▶ _Short descriptive text snippets_

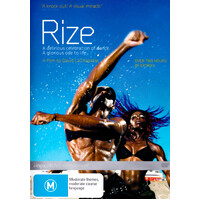 Rize DVD Preowned: Disc Excellent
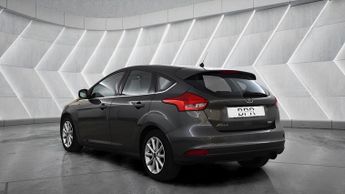 Ford Focus 1.5T EcoBoost Titanium Auto Euro 6 (s/s) 5dr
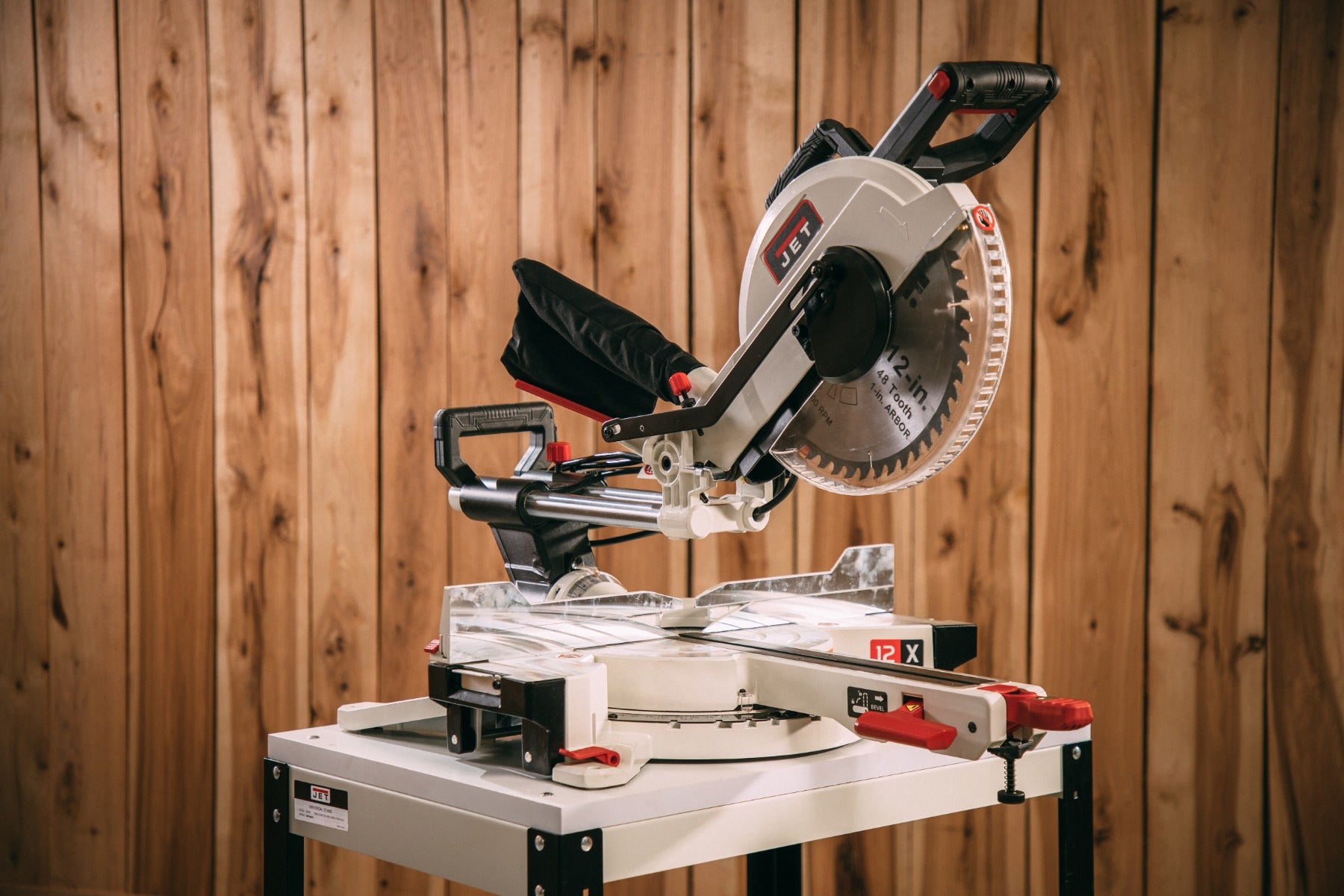 Jet JET 10 Dual Bevel Miter Saw JMS-10X 707210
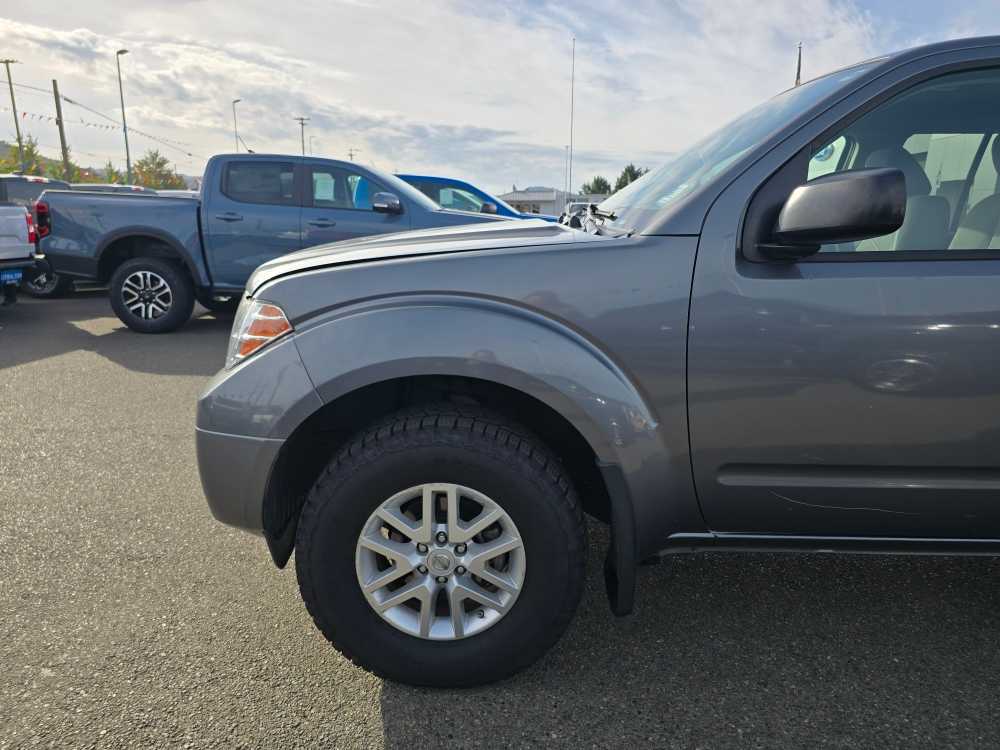 Thumbnail: 2018 Nissan Frontier - 18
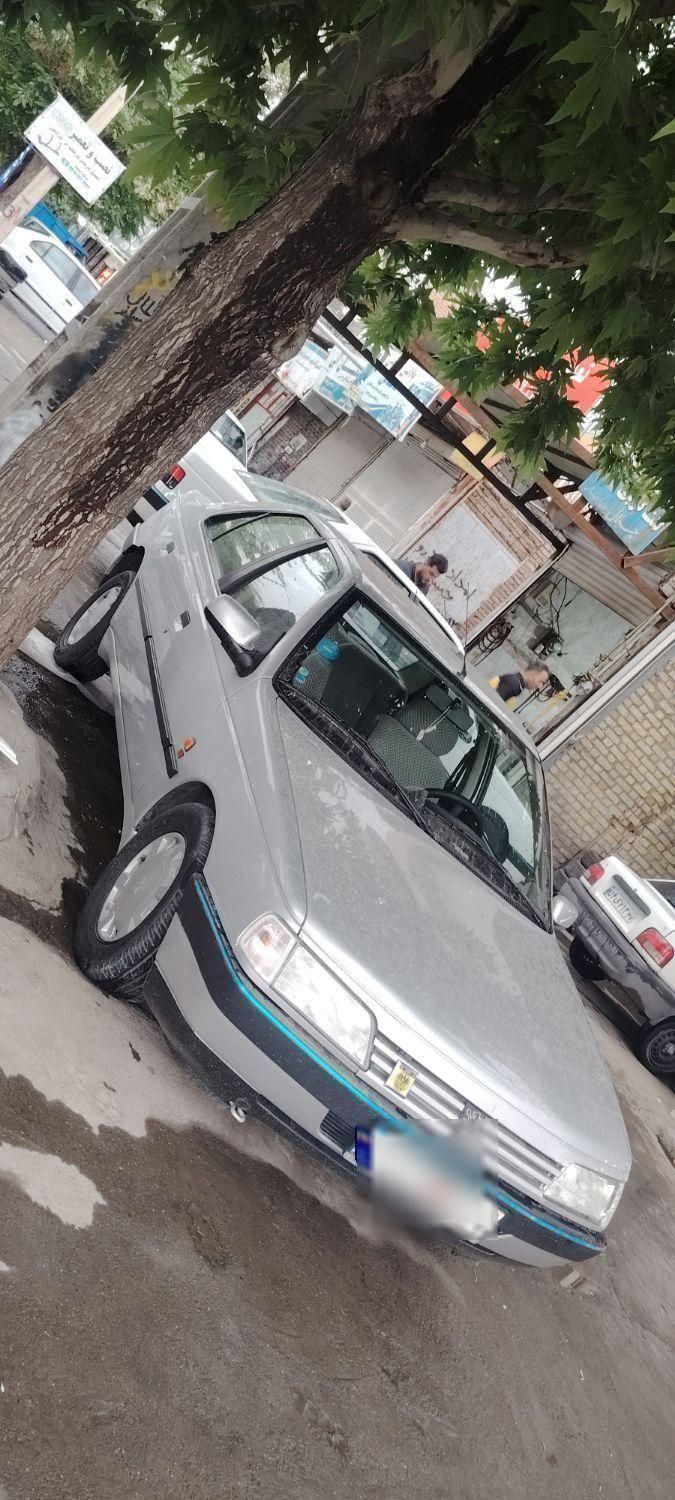پژو 405 GLX - 1388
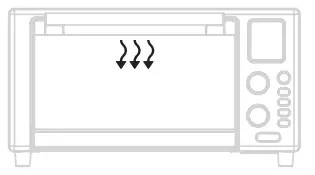 EMERIL LAGASSE S·AFO-001 Power AirFryer 360 - Broil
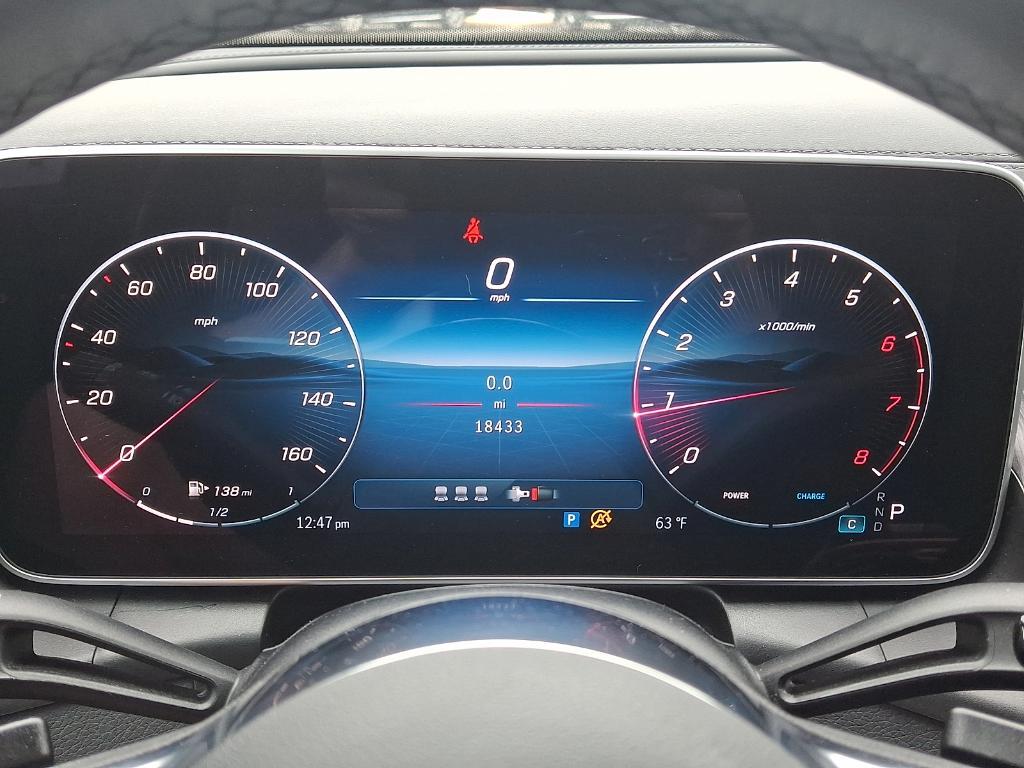used 2025 Mercedes-Benz GLC 300 car, priced at $43,900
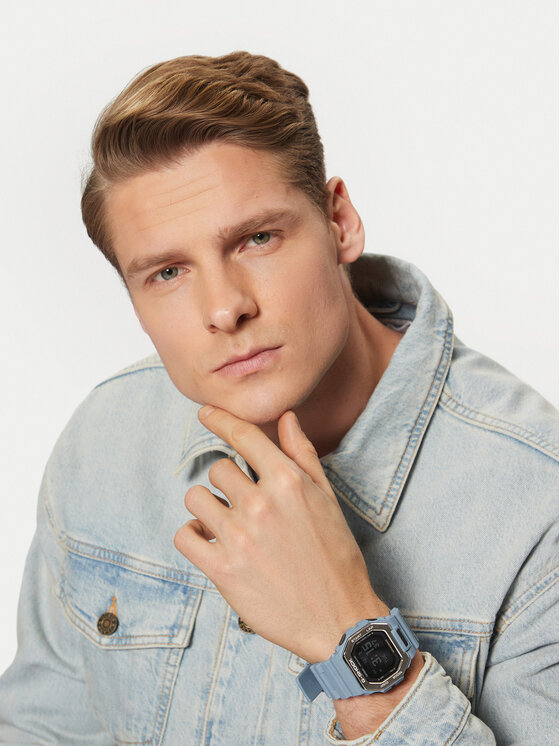 Casio Casio Orologio CASIO G-SHOCK GBX-100 -2AER Multicolore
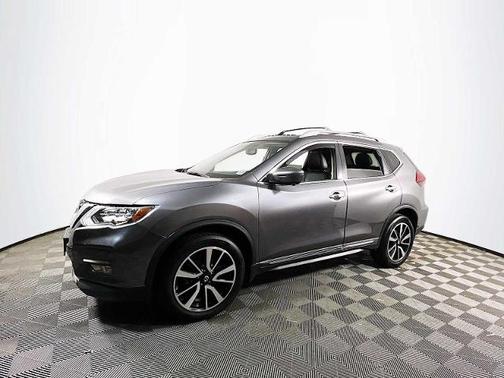 2020 Nissan Rogue SL
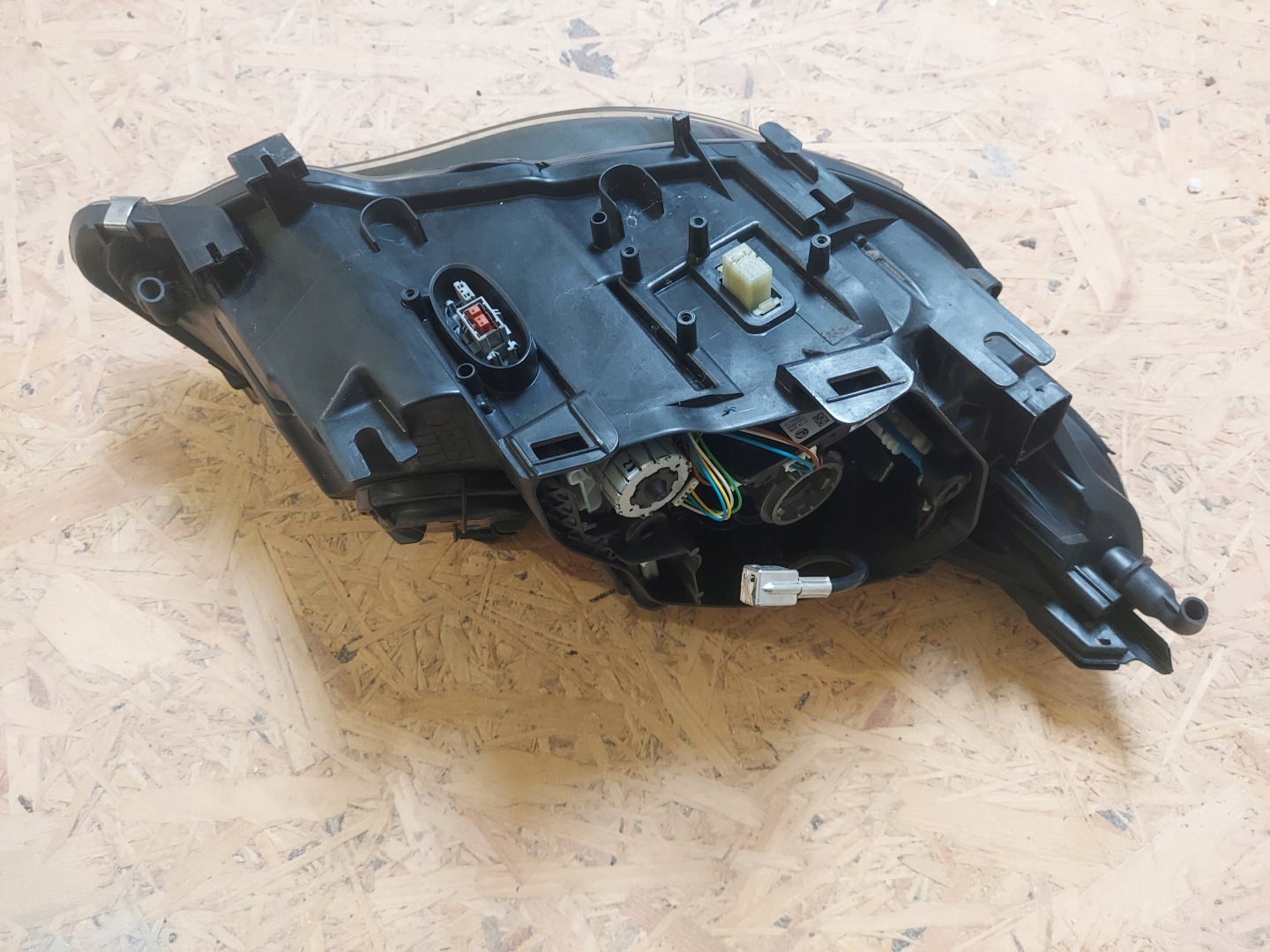 Frontscheinwerfer BMW 5 E61 7044671 Facelift Xenon Links Scheinwerfer Headlight - Thumbnail 11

▶ _Exercise details_
The answer must be an exact copy of the entries, with the pictures omitted.

▶ _Result of the exercise_
 Rize DVD Preowned: Disc Excellent
 Ford Focus 1.5T EcoBoost Titanium Auto Euro 6 (s/s) 5dr
 Jet JET 10 Dual Bevel Miter Saw JMS-10X 707210
 Thumbnail: 2018 Nissan Frontier - 18
پژو 405 GLX - 1388
 EMERIL LAGASSE S·AFO-001 Power AirFryer 360 - Broil
used 2025 Mercedes-Benz GLC 300 car, priced at $43,900
 Casio Casio Orologio CASIO G-SHOCK GBX-100 -2AER Multicolore
 2020 Nissan Rogue SL
 Frontscheinwerfer BMW 5 E61 7044671 Facelift Xenon Links Scheinwerfer Headlight - Thumbnail 11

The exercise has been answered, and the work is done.